On top of the peppy four banger, the MX-5’s transmission is smooth as silk. It engages positively, leaving no doubt whether you mis-shifted or not, and the clutch is very consistent. The only issue I had with the car is that the 140 pound-feet of torque was not great forgetting the tires rolling, but the byproduct of this are clean launches each and every time, so we’ll take the good with the bad on that front.
In terms of fuel economy, the EPA rates the 2014 MX-5 at 21 mpg city and 28 mpg highway, and I hit both numbers pretty consistently.
Overall, the powertain is very well matched for this sub-2,600-pound roadster. Yeah, it is no speed demon, but it is a perfect balance that I learned to fall in love with after just one drive.
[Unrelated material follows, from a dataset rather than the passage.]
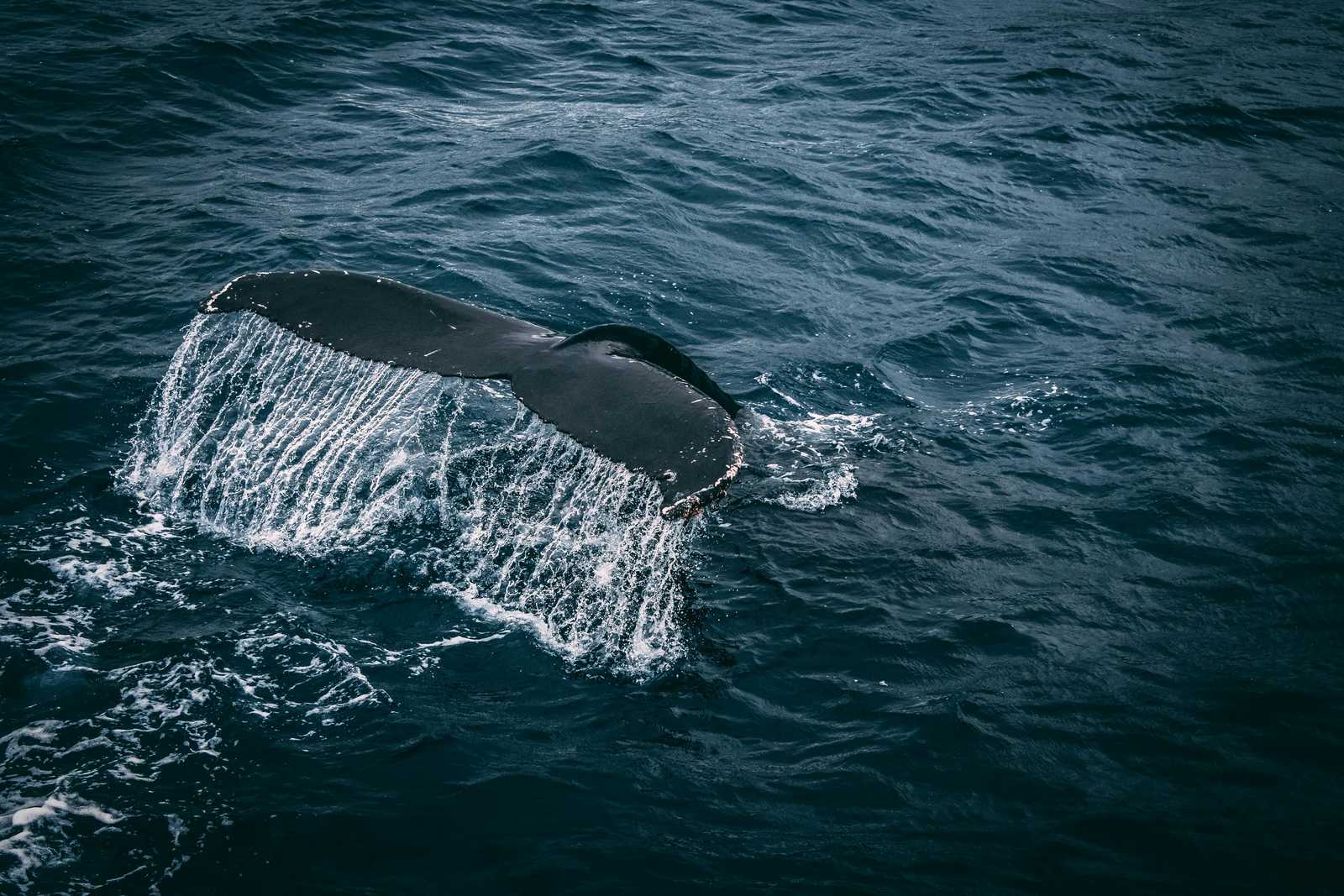 Queue d'une baleine à la surface de l'eau © Kirchner Rudy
2014 Mazda MX-5 Club - Drivetrain Specifications
|Cylinder configuration||In-Line Four-Cylinder|
|Horsepower (HP @ RPM)||167 @ 7,000 rpm|
|Torque (LB-FT @ RPM)||140 @ 5,000 rpm|
|No. of valves||16|
|Standard Transmission||Six-Speed Manual|
|Fuel Economy (City/Highway/Combined)||21 / 28 / 24|
Where the MX-5 Club completely makes you forget about its lack of features is in its suspension and braking systems. Likely the biggest addition to the Club model is the sport-tuned suspension system with Bilstein shocks — similar to my Mazdaspeed setup. On top of that, you also get a front strut brace to help stiffen up the front end for point-and-go handling.
Taking this little roaster through the country roads just a few miles from my house was a thing of beauty. It effortlessly hugs the pavement and seems to almost pull itself through tight turns, and the suspension is dialed in perfectly as to not be too awful hard on your backside in the process. That said, don’t think that this is a road-trip-worthy rig either, as 500 miles is about all your derriere can take before needing a little break. In all, the suspension really is a delicate balance that my MX-5 simply does not have. Even the road noise was not overbearing; yes, it is still present, but it is not nearly as bad of MX-5s of yesteryear.
The brakes are also superb, but you expect that from a 2,600-pound roadster, Anything less would make absolutely no sense.
It is really clear where Mazda focused when putting together the Club trim level. It decided to leave out all of the cool features and focus on delivering a suspension system that true Miata enthusiasts will fall in love with. Nice work, Mazda...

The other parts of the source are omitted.